If I can help it, I usually never order the set menu. (Except in smaller French towns). There are only three circumstances where a set menu has its uses. The first is if you are dealing with a cuisine you are not very familiar with. Then it might help to try a balanced menu that the chef has put together for you.

In France, there has long been a tradition of two or three set menus at different prices. They will have the same dishes as the a la carte but if you ordered them separately, they would cost much more than they do as part of the set menu.

Price is a factor that leads many people in the West to order the set menu at great restaurants at lunch-time. It is far cheaper than the a la carte, the dishes are already prepped in the kitchen and come out quickly. And you can choose the menu with the sea bass or the one with the steak. So you don’t feel totally restricted. You still have some freedom of choice.

I don’t scoff at cheap lunches because in my younger days, when I did not have the money to go to dinner at very good restaurants, I would go for the cheap lunch. The food was nearly always very good and you had a sense of what the restaurant was really like.

These three circumstances are the exceptions. What we have now is the current rage: The tasting menu. In the beginning, this was an adjunct to the normal menu. The chef wanted you to try his best dishes so he took the greatest hits from the a la carte menu, made smaller portions and put out a menu of eight or more dishes.

There was a phase in my life when I was trying to assess restaurants and chefs and the tasting menu was a good way of doing it. If the chef says these are his best dishes and they aren’t any good, well then, he is not a very good chef, is he?
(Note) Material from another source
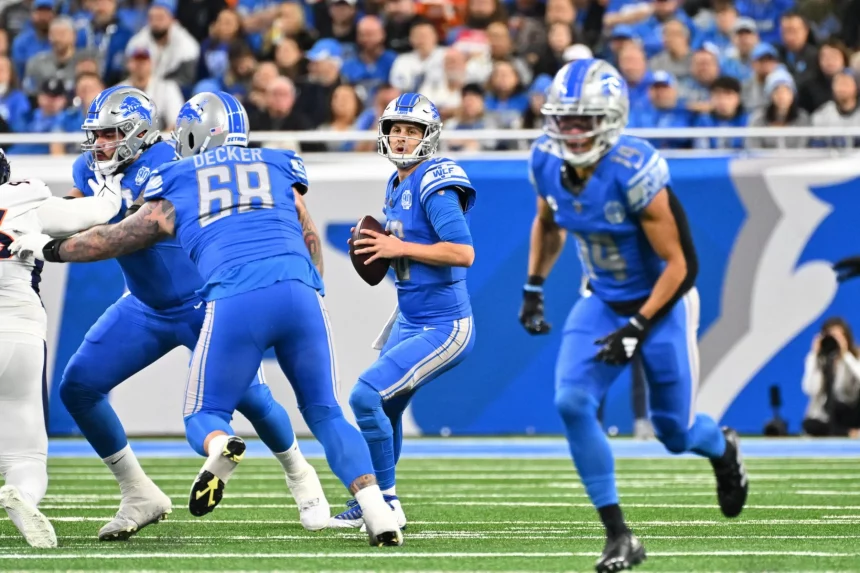 FootballR - NFL - Die Lions, angeführt von Jared Goff, laufen während eines Spiels gegen die Broncos mit dem Ball.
Over the years I have drifted away from tasting menus. It is just too much food and the starters are usually so elaborate and filling that by the time you get to the main courses, you are not very hungry any longer.

Now, I have a golden rule. If I go to a restaurant and there is an a la carte option, I will always choose it over a tasting menu.

This sounds simple enough. But what happens when you go to a restaurant that only does tasting menus? You can’t order a la carte and you have to eat whatever the chef wants you to eat in the exact order that he has chosen. If you don’t want to eat as instructed, you can leave and go elsewhere.

The refusal to give guests choice reminds me of two things. The first is school dinners (at a hostel or a boarding school). You never had a choice. You ate what you were served. The chef was the boss and you were the minions.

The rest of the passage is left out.